Including granddaughter Alice Ludi, who e-mailed The Early Show Week of Wishes staff with a special request: "My grandma … loves wrestling. She watches it every day on tape or scheduled TV. Please make my wish come true. I would love for my grandma Frances to meet a wrestler, retired or not. …Please, please, please help me to let my grandma meet a wrestler. This is my second time making a wish. My grandma is in great shape for her age but time is running out. Begging In Colorado, Alice M. Ludi."
On The Early Show Wednesday, Ludi's wish was granted, and in grand style.

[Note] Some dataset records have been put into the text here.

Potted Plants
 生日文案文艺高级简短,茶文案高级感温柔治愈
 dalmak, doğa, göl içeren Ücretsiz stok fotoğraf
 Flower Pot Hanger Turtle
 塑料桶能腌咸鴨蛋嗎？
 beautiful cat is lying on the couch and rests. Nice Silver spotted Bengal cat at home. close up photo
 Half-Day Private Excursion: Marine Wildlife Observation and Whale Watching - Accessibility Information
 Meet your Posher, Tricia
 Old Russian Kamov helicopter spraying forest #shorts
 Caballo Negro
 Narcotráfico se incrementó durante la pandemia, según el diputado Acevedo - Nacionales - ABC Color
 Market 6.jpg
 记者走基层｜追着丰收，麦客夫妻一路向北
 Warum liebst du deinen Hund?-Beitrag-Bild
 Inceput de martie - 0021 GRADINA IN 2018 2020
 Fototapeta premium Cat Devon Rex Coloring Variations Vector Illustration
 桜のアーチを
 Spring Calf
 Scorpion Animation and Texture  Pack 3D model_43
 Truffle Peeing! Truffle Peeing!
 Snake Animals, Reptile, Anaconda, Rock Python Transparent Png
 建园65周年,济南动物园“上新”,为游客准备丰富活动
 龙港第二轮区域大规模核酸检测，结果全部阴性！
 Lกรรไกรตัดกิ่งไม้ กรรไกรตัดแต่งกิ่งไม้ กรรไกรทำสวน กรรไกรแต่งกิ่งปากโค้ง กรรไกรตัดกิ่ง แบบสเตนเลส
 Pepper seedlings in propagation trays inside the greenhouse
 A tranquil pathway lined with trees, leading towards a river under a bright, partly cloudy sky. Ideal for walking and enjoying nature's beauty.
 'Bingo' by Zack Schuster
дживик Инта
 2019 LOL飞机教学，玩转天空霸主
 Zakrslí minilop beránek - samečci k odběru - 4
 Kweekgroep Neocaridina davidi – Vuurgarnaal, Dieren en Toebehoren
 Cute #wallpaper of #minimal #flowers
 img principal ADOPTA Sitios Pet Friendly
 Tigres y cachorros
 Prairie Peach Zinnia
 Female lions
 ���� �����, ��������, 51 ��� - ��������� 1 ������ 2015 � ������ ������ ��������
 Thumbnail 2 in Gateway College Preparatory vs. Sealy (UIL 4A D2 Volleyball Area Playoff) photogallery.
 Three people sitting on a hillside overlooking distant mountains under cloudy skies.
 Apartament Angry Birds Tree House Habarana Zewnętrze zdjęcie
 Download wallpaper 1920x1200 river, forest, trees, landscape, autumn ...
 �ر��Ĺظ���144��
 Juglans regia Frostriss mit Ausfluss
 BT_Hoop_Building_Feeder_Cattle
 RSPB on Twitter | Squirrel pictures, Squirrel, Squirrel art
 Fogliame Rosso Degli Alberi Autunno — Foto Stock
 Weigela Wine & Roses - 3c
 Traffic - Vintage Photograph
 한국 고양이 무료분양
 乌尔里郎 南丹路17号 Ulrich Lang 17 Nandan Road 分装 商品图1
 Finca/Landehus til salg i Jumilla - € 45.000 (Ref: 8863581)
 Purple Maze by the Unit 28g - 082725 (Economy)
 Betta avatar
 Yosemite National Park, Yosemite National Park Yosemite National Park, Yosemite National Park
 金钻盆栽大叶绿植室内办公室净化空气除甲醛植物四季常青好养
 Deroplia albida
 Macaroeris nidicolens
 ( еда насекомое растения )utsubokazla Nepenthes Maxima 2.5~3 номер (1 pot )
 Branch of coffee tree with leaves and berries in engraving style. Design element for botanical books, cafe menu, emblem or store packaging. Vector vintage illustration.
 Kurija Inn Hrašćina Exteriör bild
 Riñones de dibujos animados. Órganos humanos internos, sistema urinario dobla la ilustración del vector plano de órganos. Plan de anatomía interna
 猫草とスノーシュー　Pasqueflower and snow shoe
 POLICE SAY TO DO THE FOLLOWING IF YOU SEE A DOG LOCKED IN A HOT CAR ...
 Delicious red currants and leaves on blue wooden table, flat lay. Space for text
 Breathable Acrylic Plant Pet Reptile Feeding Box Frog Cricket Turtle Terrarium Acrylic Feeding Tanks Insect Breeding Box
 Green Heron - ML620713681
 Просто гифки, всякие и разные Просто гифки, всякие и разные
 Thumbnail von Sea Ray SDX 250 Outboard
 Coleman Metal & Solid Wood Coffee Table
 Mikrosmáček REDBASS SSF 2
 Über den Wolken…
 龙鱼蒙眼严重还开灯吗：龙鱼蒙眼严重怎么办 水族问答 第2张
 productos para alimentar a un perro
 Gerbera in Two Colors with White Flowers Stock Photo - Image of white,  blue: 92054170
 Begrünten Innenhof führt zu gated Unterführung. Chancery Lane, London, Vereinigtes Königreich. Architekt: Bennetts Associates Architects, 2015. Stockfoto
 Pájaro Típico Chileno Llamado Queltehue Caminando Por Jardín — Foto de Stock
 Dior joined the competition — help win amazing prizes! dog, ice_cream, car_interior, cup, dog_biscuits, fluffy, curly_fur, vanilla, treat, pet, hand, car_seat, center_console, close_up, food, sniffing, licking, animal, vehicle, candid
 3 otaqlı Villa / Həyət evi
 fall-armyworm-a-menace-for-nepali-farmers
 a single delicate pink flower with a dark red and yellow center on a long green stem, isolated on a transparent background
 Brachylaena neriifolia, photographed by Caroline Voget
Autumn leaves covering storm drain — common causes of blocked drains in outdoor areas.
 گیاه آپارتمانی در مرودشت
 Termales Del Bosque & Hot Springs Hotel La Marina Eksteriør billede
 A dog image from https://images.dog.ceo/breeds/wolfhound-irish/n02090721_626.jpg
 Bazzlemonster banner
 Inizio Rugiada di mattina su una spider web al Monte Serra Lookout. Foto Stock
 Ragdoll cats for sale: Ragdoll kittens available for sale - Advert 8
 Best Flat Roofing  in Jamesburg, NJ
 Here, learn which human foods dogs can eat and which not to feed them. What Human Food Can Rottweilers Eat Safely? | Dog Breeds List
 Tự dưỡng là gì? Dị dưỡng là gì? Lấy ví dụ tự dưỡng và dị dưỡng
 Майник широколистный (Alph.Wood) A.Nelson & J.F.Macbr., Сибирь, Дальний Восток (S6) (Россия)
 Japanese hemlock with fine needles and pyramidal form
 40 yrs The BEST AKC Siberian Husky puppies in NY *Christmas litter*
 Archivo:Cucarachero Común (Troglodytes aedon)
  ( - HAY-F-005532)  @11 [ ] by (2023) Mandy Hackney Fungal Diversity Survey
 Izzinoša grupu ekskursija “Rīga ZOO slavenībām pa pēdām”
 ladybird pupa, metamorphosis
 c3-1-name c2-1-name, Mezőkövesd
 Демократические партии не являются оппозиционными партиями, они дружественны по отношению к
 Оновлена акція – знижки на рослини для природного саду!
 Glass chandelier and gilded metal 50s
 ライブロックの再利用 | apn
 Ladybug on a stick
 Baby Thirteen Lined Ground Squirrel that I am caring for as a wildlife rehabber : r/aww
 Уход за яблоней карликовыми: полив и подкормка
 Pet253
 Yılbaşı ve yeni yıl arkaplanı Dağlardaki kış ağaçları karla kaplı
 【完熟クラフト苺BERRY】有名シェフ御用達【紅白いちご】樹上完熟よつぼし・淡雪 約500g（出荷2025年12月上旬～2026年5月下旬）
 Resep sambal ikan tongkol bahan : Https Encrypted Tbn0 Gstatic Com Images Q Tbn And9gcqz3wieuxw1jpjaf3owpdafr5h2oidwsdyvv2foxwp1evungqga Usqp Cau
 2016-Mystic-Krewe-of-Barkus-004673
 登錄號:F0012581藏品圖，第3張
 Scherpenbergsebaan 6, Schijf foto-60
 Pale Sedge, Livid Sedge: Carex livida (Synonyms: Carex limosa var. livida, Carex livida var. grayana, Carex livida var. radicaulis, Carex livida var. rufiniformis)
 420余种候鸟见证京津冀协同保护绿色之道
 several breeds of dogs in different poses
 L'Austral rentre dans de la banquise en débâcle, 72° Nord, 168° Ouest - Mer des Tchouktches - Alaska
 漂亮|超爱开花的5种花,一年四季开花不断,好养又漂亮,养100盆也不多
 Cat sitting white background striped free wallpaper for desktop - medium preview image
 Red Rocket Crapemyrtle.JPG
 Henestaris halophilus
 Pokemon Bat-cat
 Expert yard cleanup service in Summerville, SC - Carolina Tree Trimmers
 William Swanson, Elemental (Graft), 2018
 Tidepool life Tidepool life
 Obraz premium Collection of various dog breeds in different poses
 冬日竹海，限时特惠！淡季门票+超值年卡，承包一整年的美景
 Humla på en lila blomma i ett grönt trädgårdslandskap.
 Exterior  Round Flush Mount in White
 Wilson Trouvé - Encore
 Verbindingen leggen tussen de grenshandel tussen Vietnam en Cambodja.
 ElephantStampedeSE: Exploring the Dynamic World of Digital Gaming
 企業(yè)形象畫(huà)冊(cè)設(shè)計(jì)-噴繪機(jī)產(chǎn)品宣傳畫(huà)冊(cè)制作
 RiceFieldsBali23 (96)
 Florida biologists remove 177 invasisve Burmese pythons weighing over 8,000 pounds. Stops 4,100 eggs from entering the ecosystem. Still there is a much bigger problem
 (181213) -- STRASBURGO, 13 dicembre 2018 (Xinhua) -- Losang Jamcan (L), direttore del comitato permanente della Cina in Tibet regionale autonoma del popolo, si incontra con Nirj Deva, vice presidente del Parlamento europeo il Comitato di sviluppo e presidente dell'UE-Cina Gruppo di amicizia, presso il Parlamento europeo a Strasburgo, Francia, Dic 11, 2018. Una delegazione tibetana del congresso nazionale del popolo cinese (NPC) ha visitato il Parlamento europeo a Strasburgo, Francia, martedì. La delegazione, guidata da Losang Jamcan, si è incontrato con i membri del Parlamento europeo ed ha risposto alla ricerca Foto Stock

Chacon was introduced to "Triple H," the reigning world heavyweight champion of World Wrestling Entertainment (WWE).
Triple H presented Chacon with an autographed copy of his book (Triple H Making the Game : Triple H's Approach to a Better Body, by Robert Caprio, World Wrestling Entertainment, August, 2004). But he also had a special gift: four tickets to a special WWE show in Philadelphia Saturday evening.
In addition, AirTran Airways provided flights for Alice and Frances. The Chambers Hotel in New York and the Four Seasons Hotel in Philadelphia provided rooms. And chef Waldy Malouf invited them to eat Thanksgiving dinner at his New York restaurant, Beacon.
Triple H also has his first film coming out on Dec. 8, "Blade: Trinity," starring Wesley Snipes and Kris Kristofferson.